Adding Nvidia GPU boost to Proxmox k8s using Pulumi and Kubespray
A step-by-step guide to leveraging Nvidia GPUs in Kubernetes
In my previous article I talked about configuring GPU in VM level in Proxmox using GPU passthrough. However, the ultimate goal was to make this capability available to containerized workloads. In this post, I’ll walk you through on setting up the GPU enabled capability in the Kubernetes cluster.
Pre-flight check:
To ensure secure and automated access to the newly provisioned VMs, password authentication for the default ubuntu
user has been disabled and now it relies on SSH keys. Before deployment, you must update the cloud-init.yml
file with your own public SSH key. This cloud-init
configuration automatically adds your key to the VM upon creation, allowing you to connect securely without a password.

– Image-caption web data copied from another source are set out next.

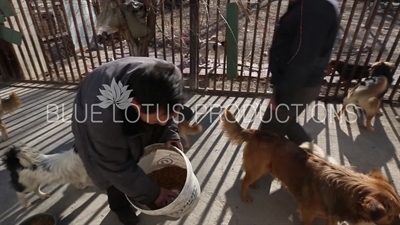 Beijing Animal Shelter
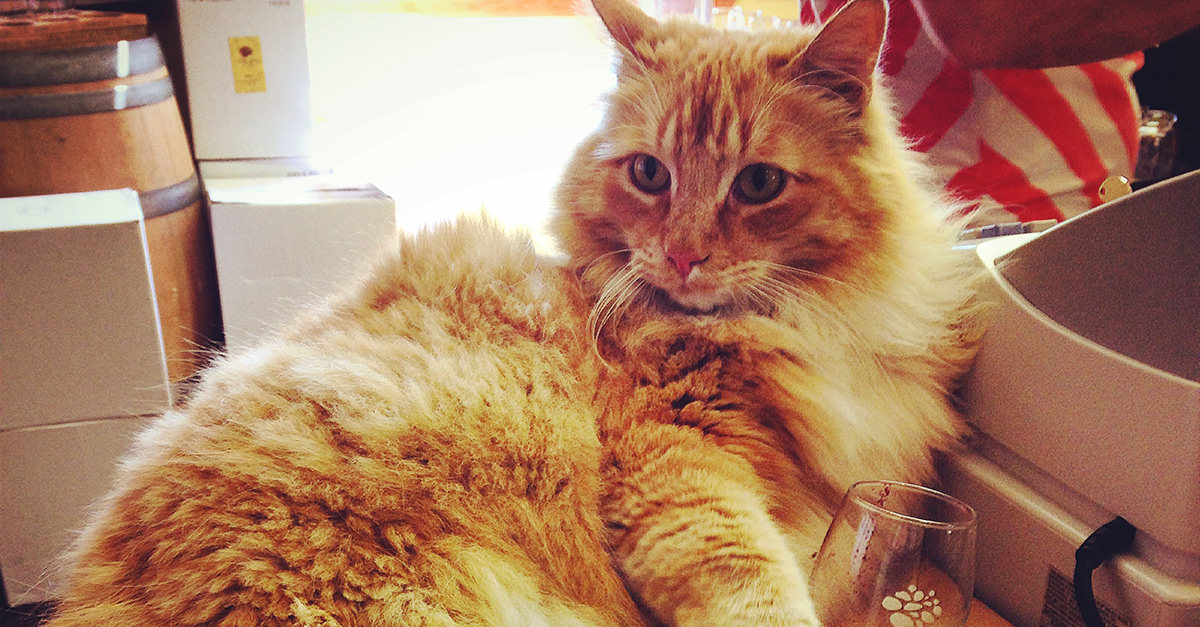 13 Adorable Winery Cats VinePair
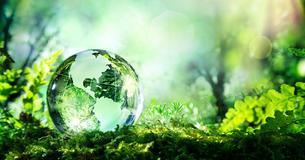 Wie gut kennst Du Dich mit Recycling aus?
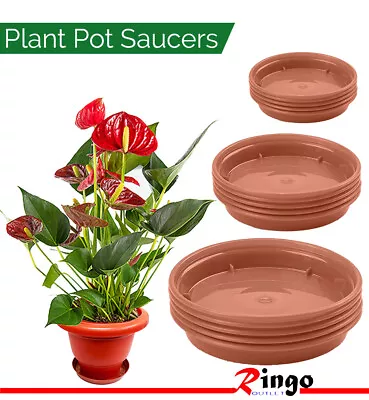 Plastic Pots Saucers Plant And Tray Terracotta Garden Flowers Growing Planting • £11.99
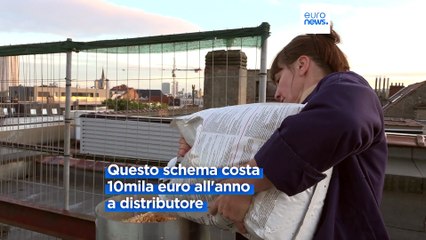 Semi contraccettivi per regolare la riproduzione di piccioni: il programma adottato in Belgio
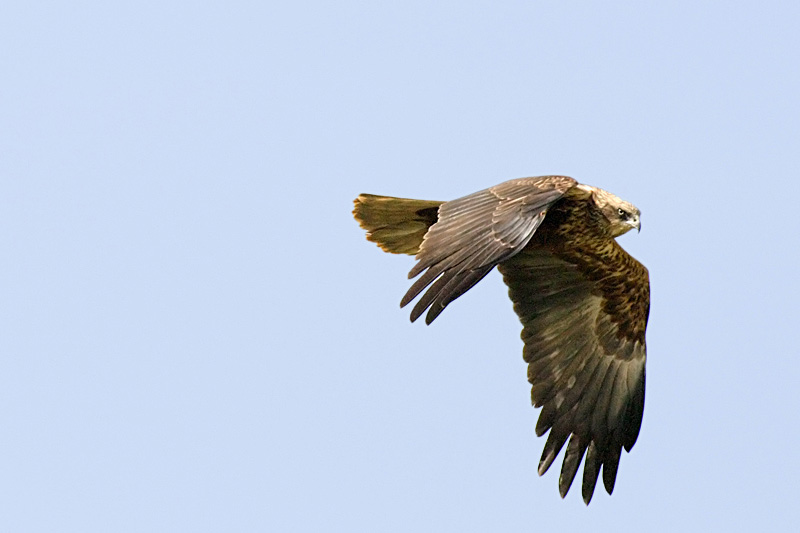 falco_800_153_.jpg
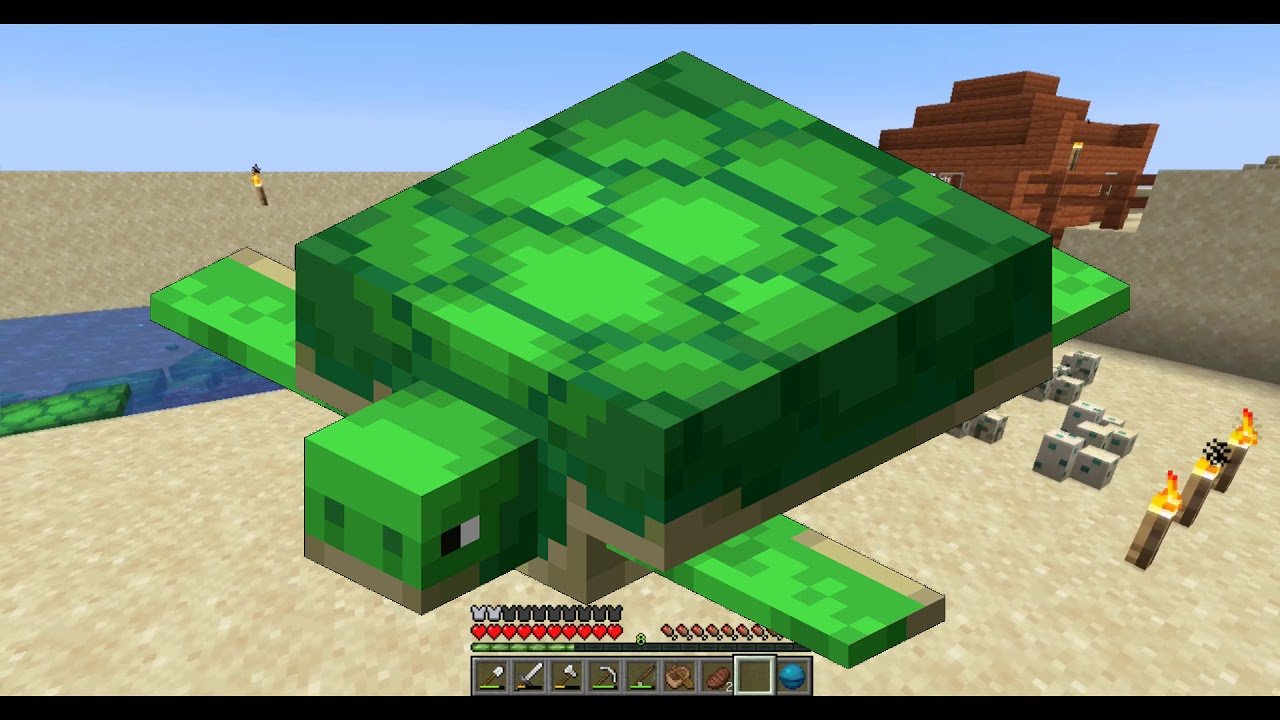 How to Breed Turtles in Minecraft [Easy]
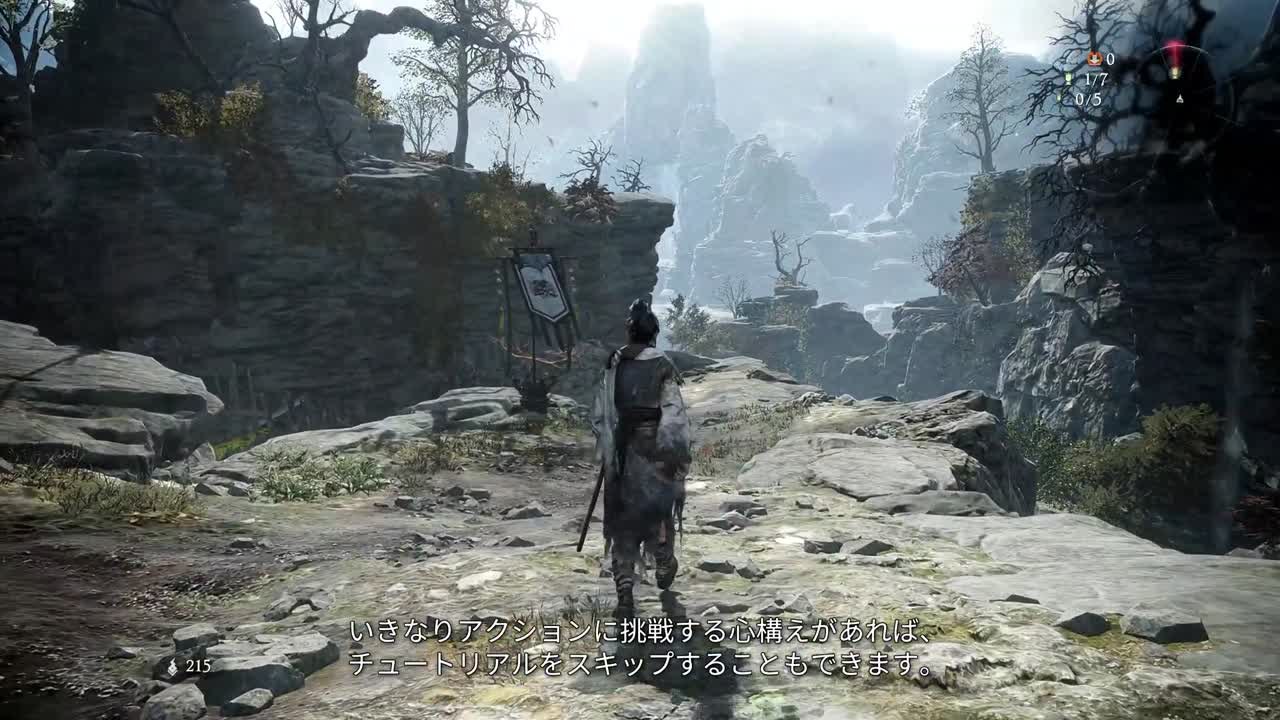 Wo Long Fallen Dynasty Tuto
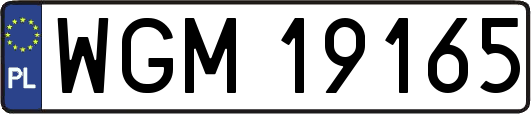 WGM19165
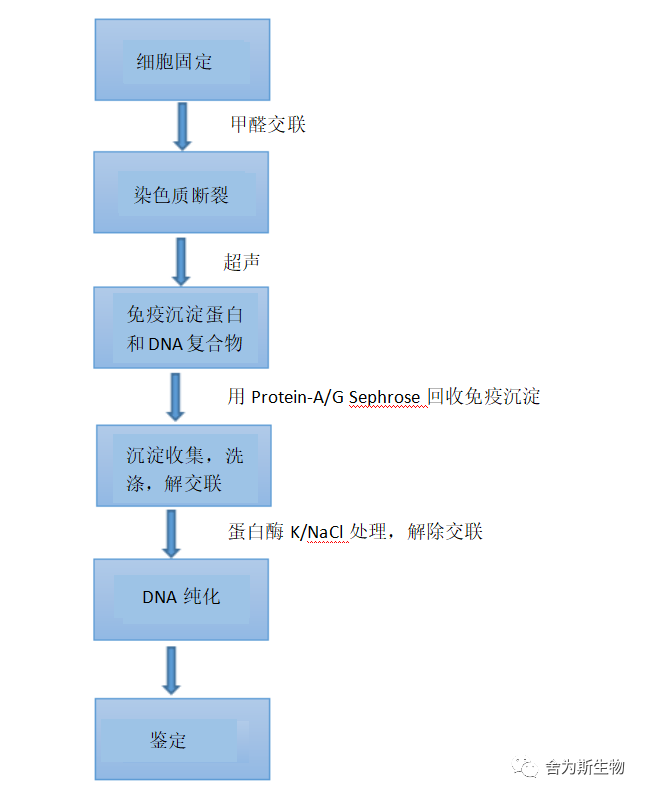 技术资料图片2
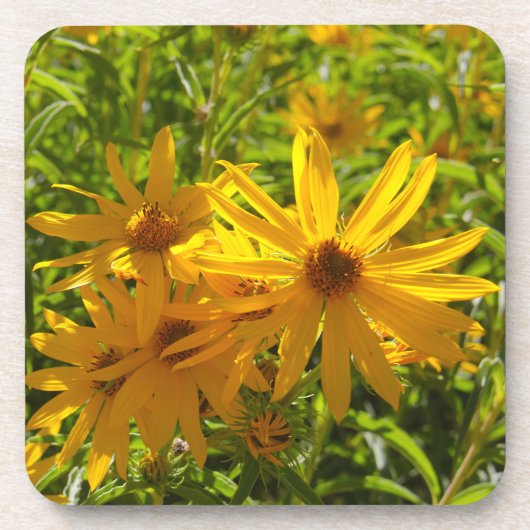 フローレスen mi hierbas "私の雑草の花" コースター (正面)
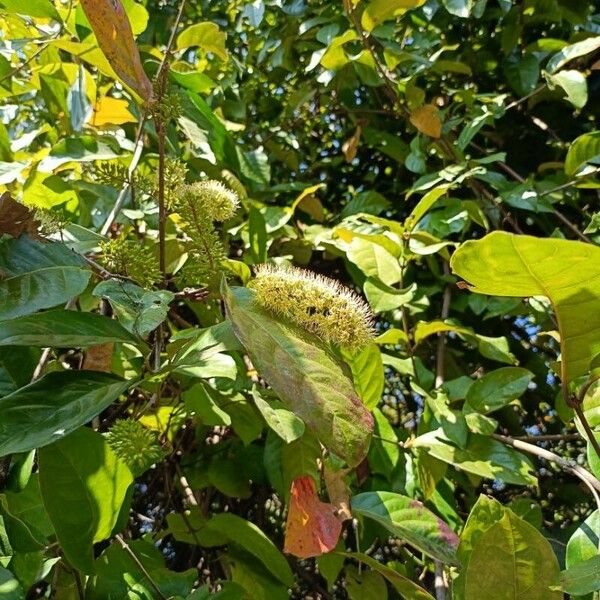 Combretum latifolium Flor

Updating cluster inventory
Inventory file has been simplified with the recent changes to accommodate the following features.
worker4 ansible_host=192.168.1.69 has_gpu=true node_labels="{'node-role.kubernetes.io/gpu': 'true'}"
-
has_gpu=true custom variable that acts as a flag
-
node_labels applies a label to the node
Dynamic networking configuration
GPU node uses a different network interface name enp6s18
than the other nodes ens18
. Because kube-vip maintains high availability, which needs to know the correct interface on each node.
Instead of a static configuration, a dynamic solution is implemented in values.yml file using a Jinja2 template.
kube_vip_interface: "{% if has_gpu | default(false) %}enp6s18{% else %}ens18{% endif %}"
It checks for the has_gpu variable defined in the inventory file and Ansible automatically assigns the correct network interface for Kube-VIP on each nodes.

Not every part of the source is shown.